Вот как все это было на рождестве в Веспреме, где высились снежные сугробы и заливался колокольчик летящих саней, где в соборе благоухал ладан и звучал рождественской хор, а над изголовьем больного старика витала черная тень мучительных кошмаров. Дед, впрочем, прожил еще лишь полгода и унес с собой в могилу страшную тайну.
Первый год пребывания Эндре Маршалко в гимназии прошел сравнительно благополучно. Правда, в его табеле в конце года преобладали тройки, зато он приобрел себе в классе нескольких закадычных друзей. Гимназию города В. ему пришлось оставить на третьем году обучения, когда в кабинете естественной истории была обнаружена кража со взломом, а в Будапеште был схвачен укрыватель краденого, некий старьевщик с улицы Непсинхаз, состоявший в контакте с шайкой гимназистов из трех человек.

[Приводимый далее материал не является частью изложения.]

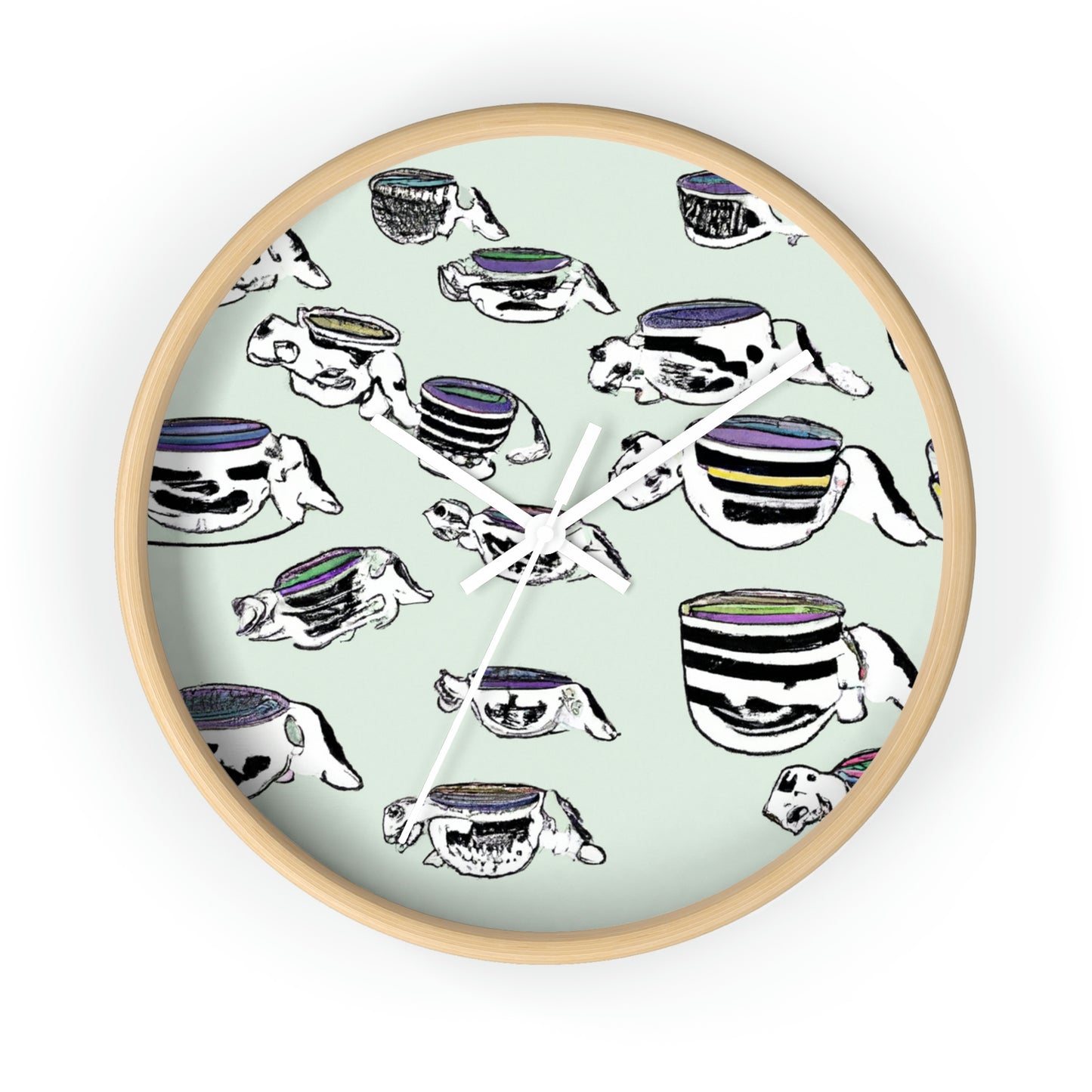 "A Purr-fectly Precious Tea Party Parade" - The Alien Wall Clock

Кабинет естественной истории был расположен на третьем этаже; Эндре, главарь шайки взломщиков, по свидетельству двух его сообщников, пройдя на головокружительной высоте по узкому внешнему карнизу, проник через окно в кабинет и тем же путем ушел оттуда, не воспользовавшись ключом, предусмотрительно выкраденным из учительской. Мальчишек, однако, так и не удалось заставить объяснить, почему они разбили вдребезги все имущество кабинета.